Chlamydia trachomatis infections in humans cause diseases of the eye and genital tract that affect millions of people annually. Our understanding of C. trachomatis biology is complicated by its obligate intracellular nature and a developing, but limited genetic tool kit. Because of the high level of conservation among C. trachomatis strains found in patients, next-gen sequencing has evolved into a straightforward tool for analysis of genetic variability of the pathogen. Our laboratory has a goal of monitoring genomic changes in C. trachomatis isolates circulating in patient populations. This monitoring is significantly affected by the lack of recent cultured strains, which are becoming increasingly rare as clinics move completely to nucleic acid amplification testing for chlamydial diagnosis. To address our goal in the current diagnostics climate, we propose to develop a robotics-based approach for evaluating contemporary strain variability, with deidentified remnant clinical samples as a source of material. Bioinformatic analysis of all published C. trachomatis genomes has identified a large library of candidate oligonucleotide primers that can be used to generate material for sequencing all variable regions of the genome, and we have demonstrated that remnant diagnostic material is suitable for a PCR-based approach. Draft analyses indicate that all indels and over half of all nonconservative base changes can be assessed in a set of 96 individual PCR reactions.

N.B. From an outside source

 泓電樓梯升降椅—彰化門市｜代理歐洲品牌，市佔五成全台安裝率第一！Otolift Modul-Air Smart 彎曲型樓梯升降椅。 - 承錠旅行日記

In Aim 1, we will carefully evaluate different primer pairs to identify a collection that will cover a maximum fraction of the genome in a single tray-based amplification format.
In Aim 2, we will test our identified primer set in three increasingly complicated robotics-based assays to assess the utility of the system for examining global genetic variation in a single high-throughput experiment. The final product of this project will be a flexible process that can amplify and sequence large collections of specimens and will take approximately one week to complete. We anticipate that this platform will be useful to basic researchers and clinician scientists exploring the connections between chlamydial genotype and clinical presentation, and will serve as a model for employing the approach with other challenging microorganisms for which diagnosis of infection does not include a culture step.

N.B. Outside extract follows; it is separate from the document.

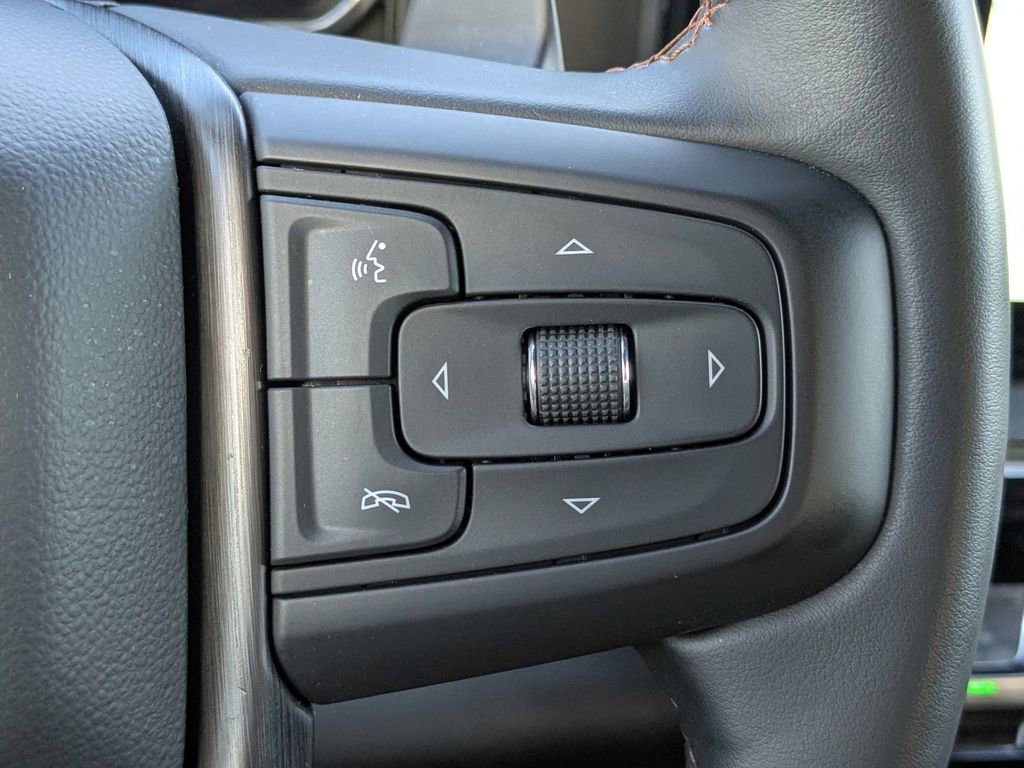 Used 2024 GMC Sierra 1500 AT4 w/ Technology Package image 33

Chlamydia trachomatis infections in humans affect millions of people worldwide, affecting the reproductive health of women and causing the disease trachoma. We propose to use excess clinical samples that will be disposed of after diagnostic testing (remnant samples) to develop a novel tool for exploring genetic variability in this pathogen. We anticipate that analysis of these remnant samples will allow us to stay current in our understanding of how the pathogen changes in patient populations, and to continue our investigations into the connection between strain variation and disease.